ATLANTA — You’d think the craziest moment of the Atlanta Braves’ 3-1 victory over Washington on Wednesday night was pitcher Derek Lowe launching the first homer of his 15-year major league career at the tender age of 38.
But Lowe knew something about himself that could top that.
“That’s the first homer of my life,” he said of his solo shot off John Lannan. “In 38 years on this planet that’s the first home run I’ve ever hit over the fence. I rolled a couple out there in little league. But I’ve never, ever hit one out until tonight.”
It does defy logic. Especially when you consider that Lowe stands 6-6 and weighs 230.
Or as teammate Chipper Jones — who swatted his 450th out the inning before Lowe — said: “That’s just crazy. I’ve seen D-Lowe hit two or three out during batting practice lots of times. Playing as much as he has in the National League [seven seasons], you’d have thought he’d hit several out before now.”
Chipper then paused and grinned, “Of course, the pitch kind of ended up where he swung, too, if you know what I mean.”
What it means for the record books is that Lowe becomes the third oldest player in major league history to hit his first home run after turning 38. Only Randy Johnson (40 years and nine days in 2003) and Preacher Roe (38 years and 132 days in 1953) are older than Lowe’s 38 years and 92 days.
“Excuse me, I’ve got to check my 27 voice mails now,” chuckled Lowe as he hammed it up with the media. “Oh, I’ve got 18 texts. Do I even know 18 people?”
There were 20,687 people inside Turner Field to watch the Braves win their 80th game of the season against 55 losses, and it could be argued that with the exception of the 10-4 win over the Chicago Cubs on Aug. 12 — the night they retired Bobby Cox’s No. 6 jersey — this was arguably the most entertaining victory of the year.
Especially since it ended just two hours and 12 minutes after it began, a figure always appreciated on a school night.
But it really was so much more than that. Always popular Matt Diaz drew the biggest cheers of the evening except for Chipper, the Big Peach thrilled to have him return for the remainder of the season after the Braves traded a player to be named later to the Pittsburgh Pirates for him.
“The Braves told me if I could get here by game-time I could play,” said Diaz, who started in right field and collected two hits. “So I hustled my [behind] and got here. It’s weird. I walked through the tunnel to the field before the game and it was like I’d never left.”
If Diaz can repeat the .305 batting average he turned in during his five-year stint between 2006 and 2010, Atlanta may never let him leave again.
“Matt’s a nice piece to have,” said manager Fredi Gonzalez. “A good teammate. A pro’s pro. He got two hits tonight, which is exactly what we hoped he could give us.”
Finally, there was rookie closer Craig Kimbrel, who moved himself into the Major League Baseball record books by becoming the first rookie to rack up 41 saves in the regular season.

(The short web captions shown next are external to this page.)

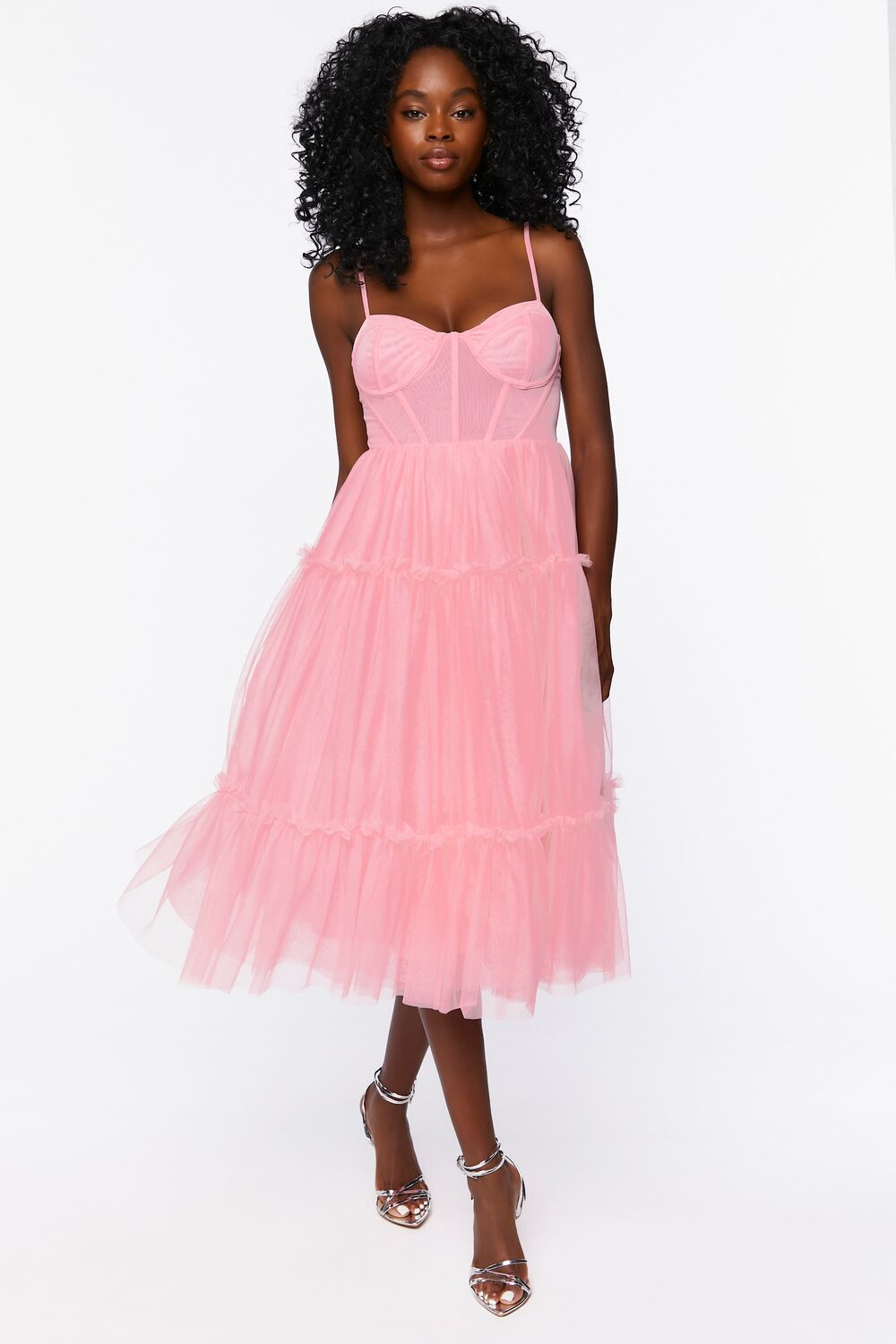 Tulle Ruffled Bustier Midi Dress | Forever 21 Womens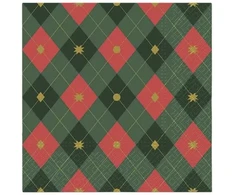 Mondex Serwetki 33x33 Wzór w zielono raudona romby 20szt
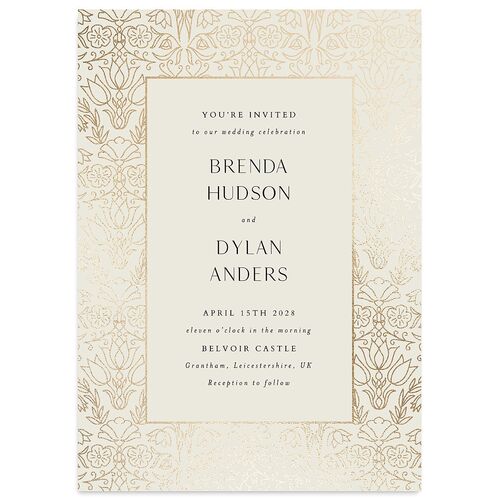 Ornate Regency Wedding Invitations Gold Bisque Signature Blank No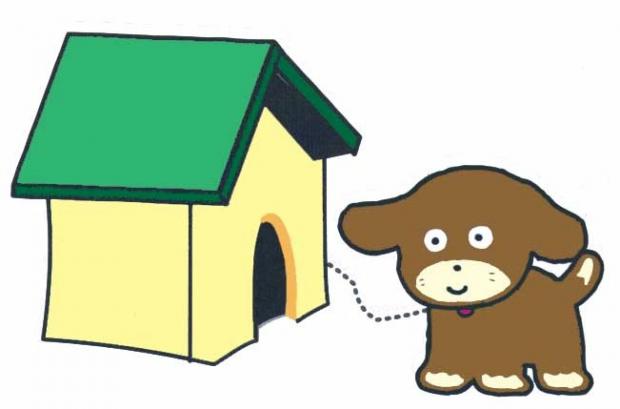 犬小屋につながれた犬のイラスト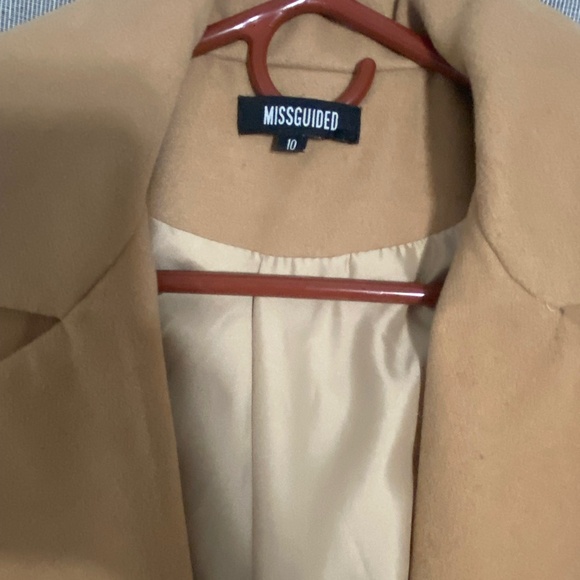 Missguided camel long coat Size 6 US - Picture 4 of 10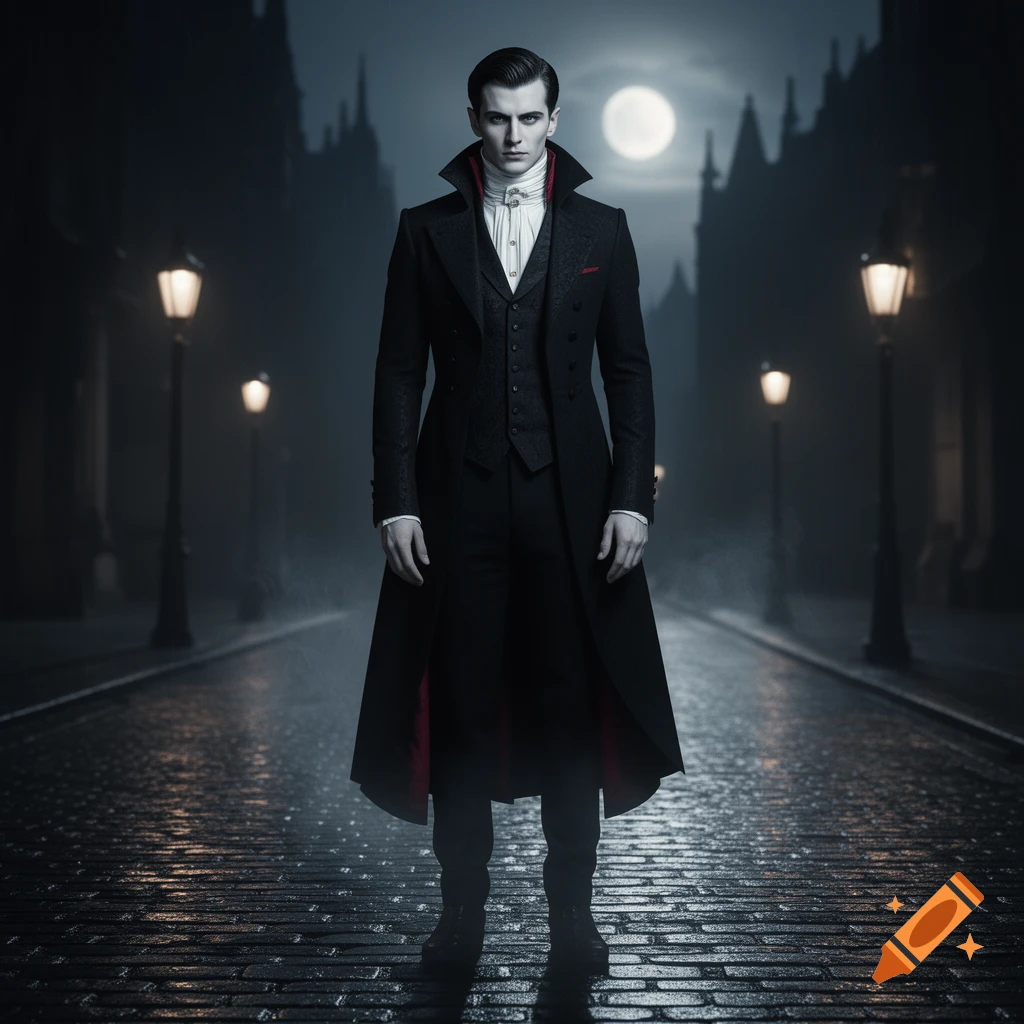 A pale, stern vampire in a black coat and white shirt stands on a wet cobblestone street at night, with streetlights, fog, and a full moon.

“I was a little frustrated when those two games in New York got rained out,” said Kimbrell, referring to the Saturday and Sunday games against the Mets that were postponed due to Hurrican Irene. “I really just wanted to get this one behind me and concentrate on the rest of the season.”
Somewhat lost in the excitement of Chipper’s 450th, Kimbrel’s 41st and Lowe’s first home run was what the pitcher did on the mound in limiting the Nationals — who should be referred to as the Nemesis around the Braves, given that they’ve beaten the ATL 24 of the last 36 times they’ve played — was the pitcher’s effort on the mound.
In six innings and one batter he gave up three hits and one run, that coming on a home run to Michael Morse at the start of the seventh.
“Just a lazy pitch,” said Lowe, who improved to 9-12 on the season. “But all in all, a good outing. I’d rather not have a season like this, but I’d always rather pitch well late [in the season] than early.”
Someone asked him which he’d cherish more, the home run or the victory.
“Oh, the pitching is always more important,” he said. “But the homer was pretty cool. I don’t even remember running around the bases.”
Then again, when you’ve been around as long Lowe has, the memory is reportedly the first thing to go.
Mark Wiedmer started work at the Chattanooga News-Free Press on Valentine’s Day of 1983. At the time, he had to get an advance from his boss to buy a Valentine gift for his wife. Mark was hired as a graphic artist but quickly moved to sports, where he oversaw prep football for a time, won the “Pick’ em” box in 1985 and took over the UTC basketball beat the following year. By 1990, he was ...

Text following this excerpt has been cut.